EXERCISE OBJECTIVE:
Transcribe all of the data exactly. Images stay out.

INFORMATION SUPPLIED:

*** Block opens ***

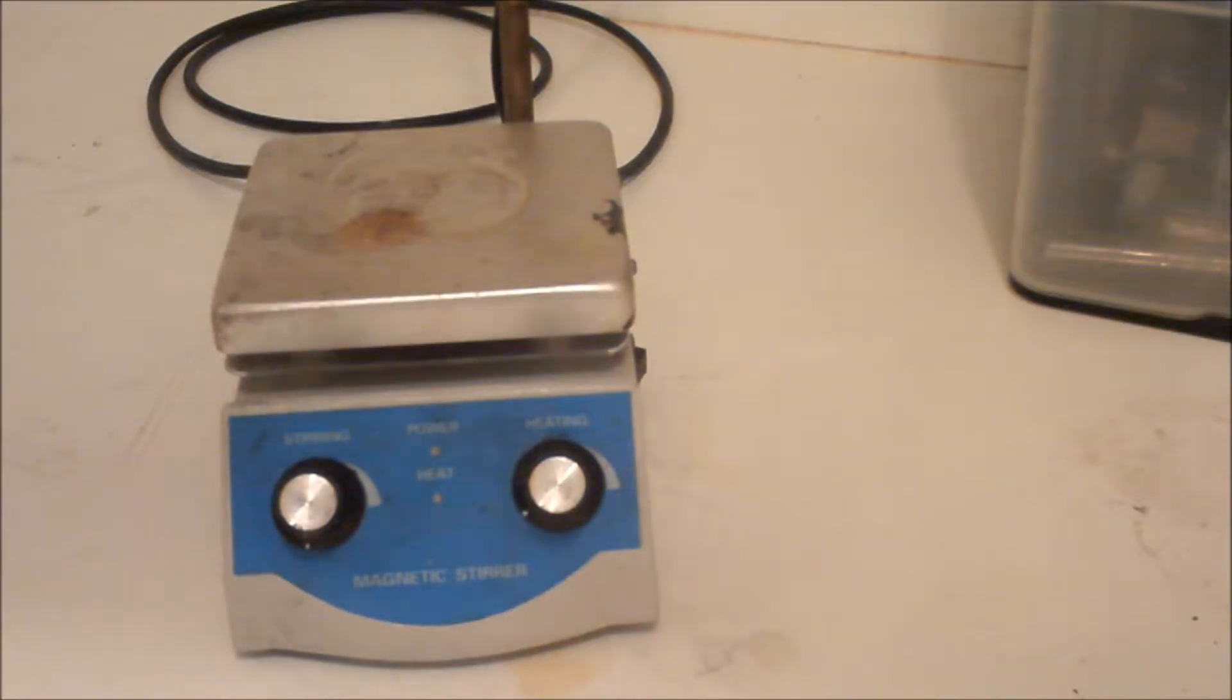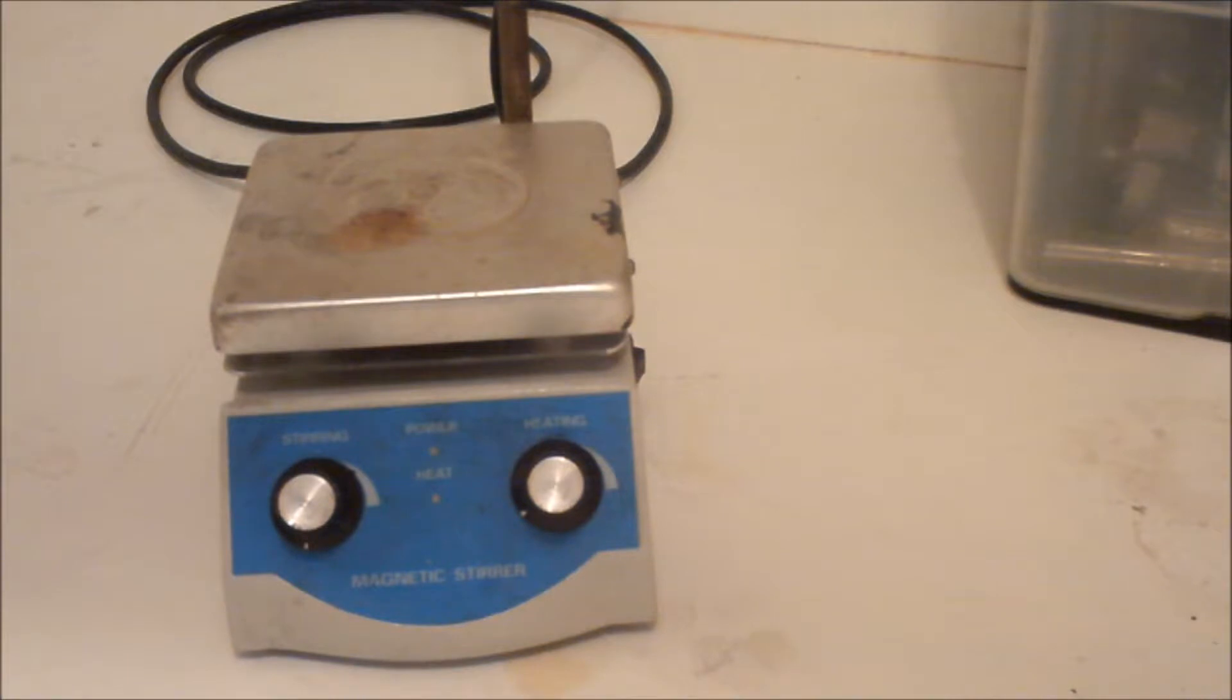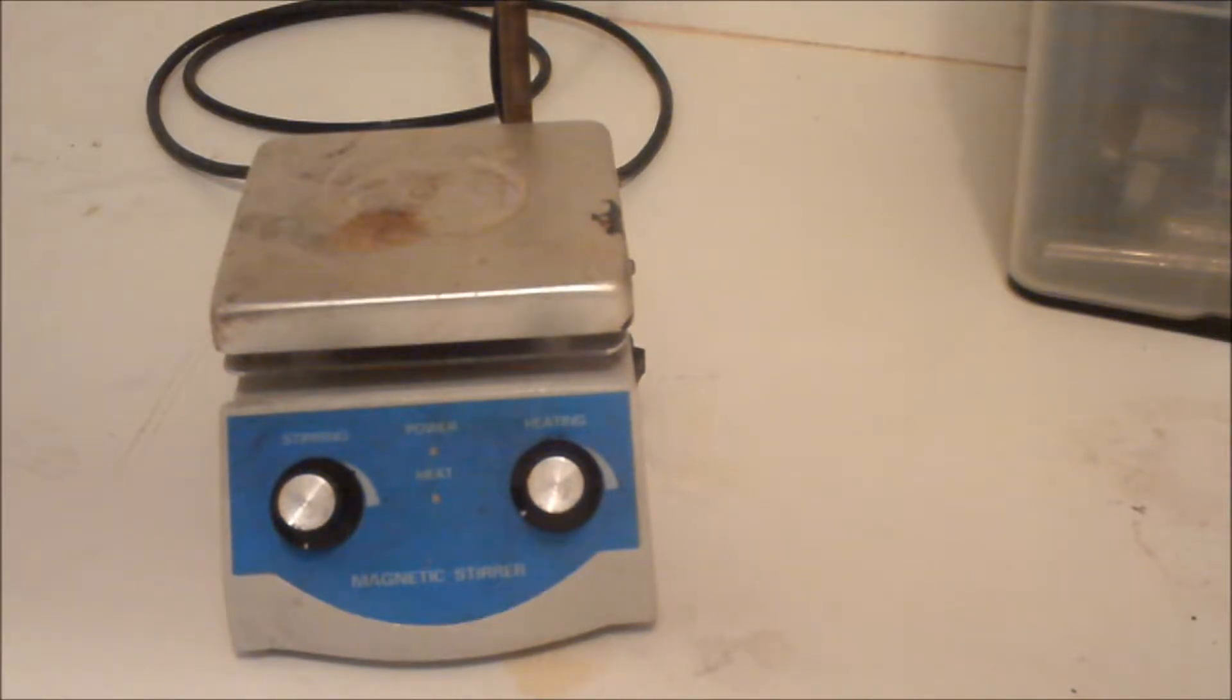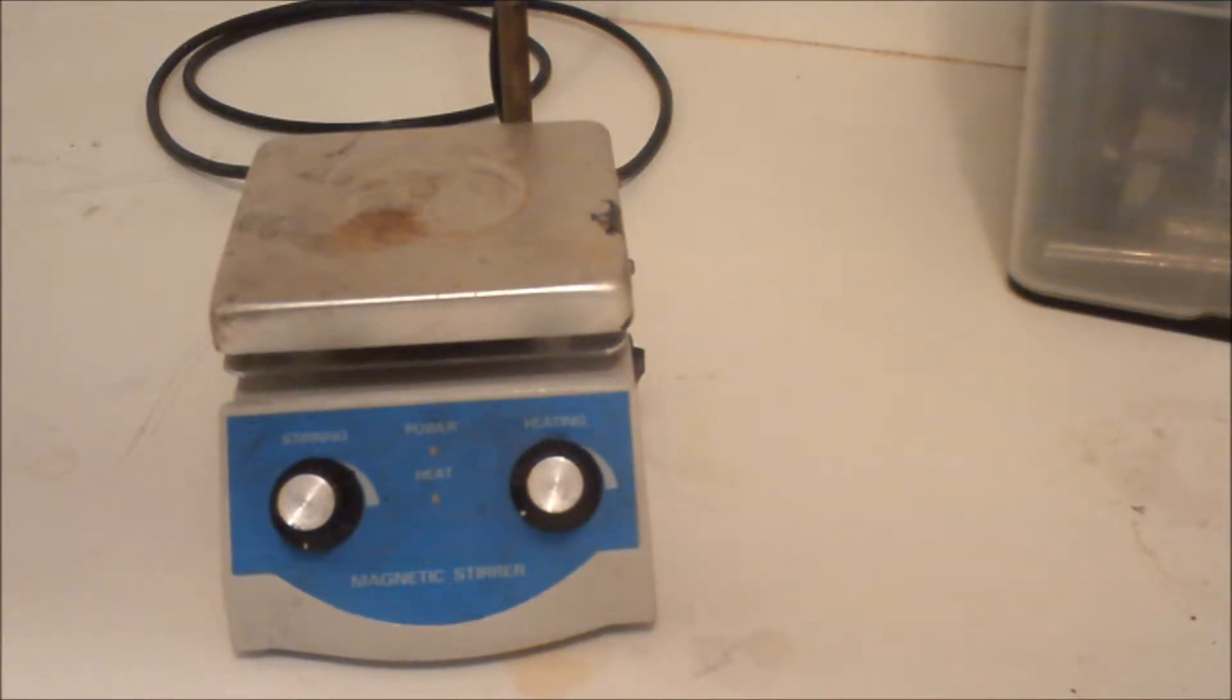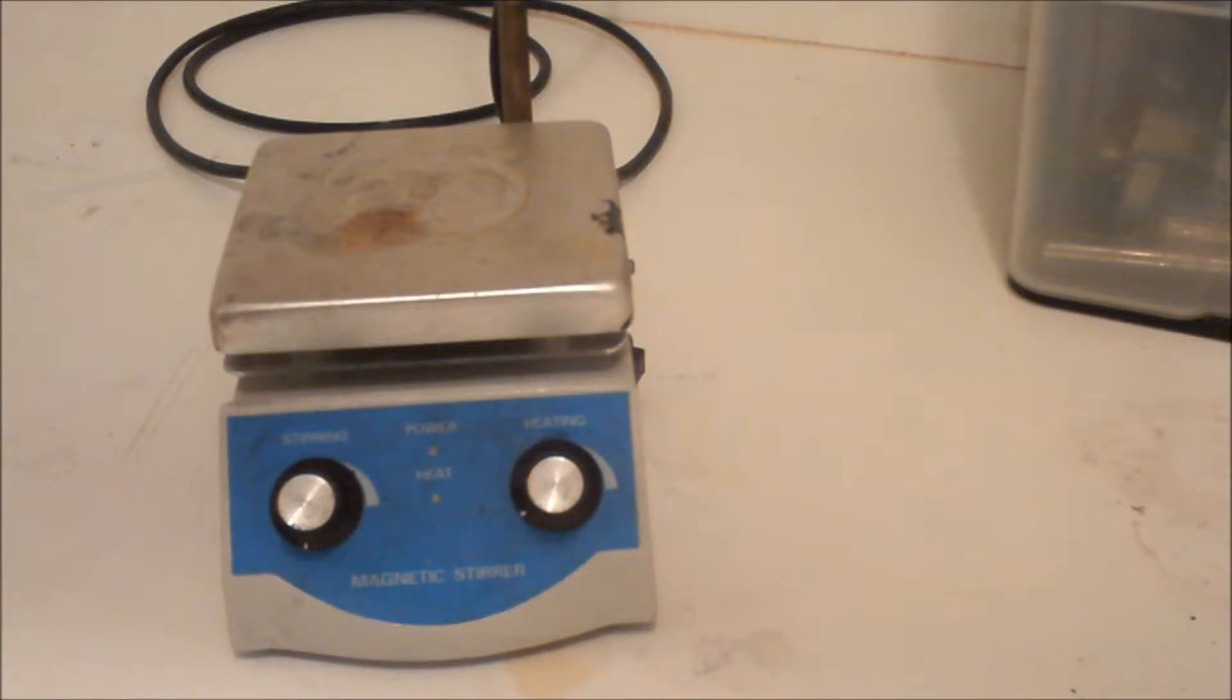When using nitric acid, you get nitrogen oxide fumes which are very hazardous, so do this outside or in a fume hood. Let me just put on my gloves. Whenever working with any acid, you always want to have something to neutralize it with so it doesn't ruin everything.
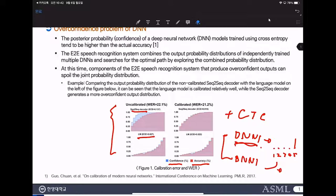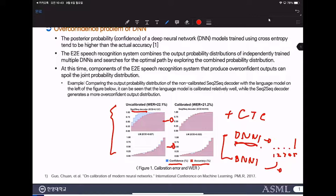In this paper, we want to calibrate the sequence-to-sequence decoder, the language model, and CTC. In this figure, we can see that the language model is quite well calibrated even without any calibration function. But for the sequence-to-sequence decoder, we applied a calibration function and made the output probability calibrated, as shown in the figure on the right. With that, we could get a better word error rate.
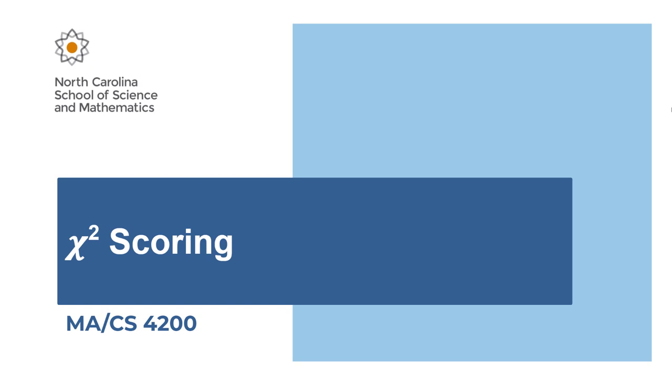In our previous lessons, we saw how we could use frequency analysis and bar charts to help make some good guesses about what are likely plaintext to ciphertext mappings for the algorithms that we've seen so far. In this lesson, we're going to learn how we can automate this even further.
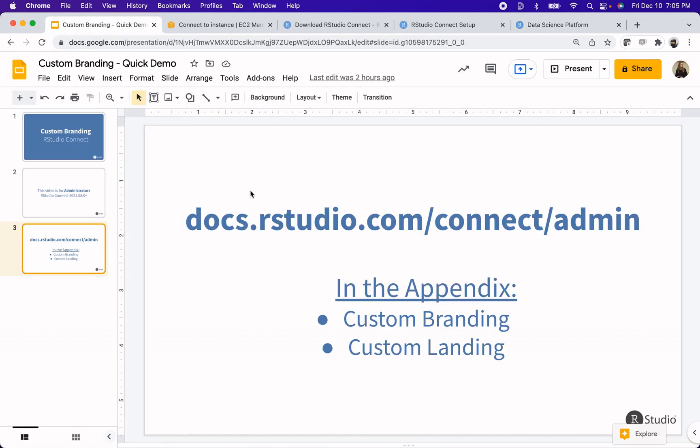Like I mentioned, you can go to docs.rstudio.com/connect/admin, and in the appendix, there are two chapters that I pulled information from for this video, custom branding and custom landing. So go visit those for more information.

*** Block closes ***

ANSWER TO THIS EXERCISE:
When using nitric acid, you get nitrogen oxide fumes which are very hazardous, so do this outside or in a fume hood. Let me just put on my gloves. Whenever working with any acid, you always want to have something to neutralize it with so it doesn't ruin everything.
In this paper, we want to calibrate the sequence-to-sequence decoder, the language model, and CTC. In this figure, we can see that the language model is quite well calibrated even without any calibration function. But for the sequence-to-sequence decoder, we applied a calibration function and made the output probability calibrated, as shown in the figure on the right. With that, we could get a better word error rate.
In our previous lessons, we saw how we could use frequency analysis and bar charts to help make some good guesses about what are likely plaintext to ciphertext mappings for the algorithms that we've seen so far. In this lesson, we're going to learn how we can automate this even further.
Like I mentioned, you can go to docs.rstudio.com/connect/admin, and in the appendix, there are two chapters that I pulled information from for this video, custom branding and custom landing. So go visit those for more information.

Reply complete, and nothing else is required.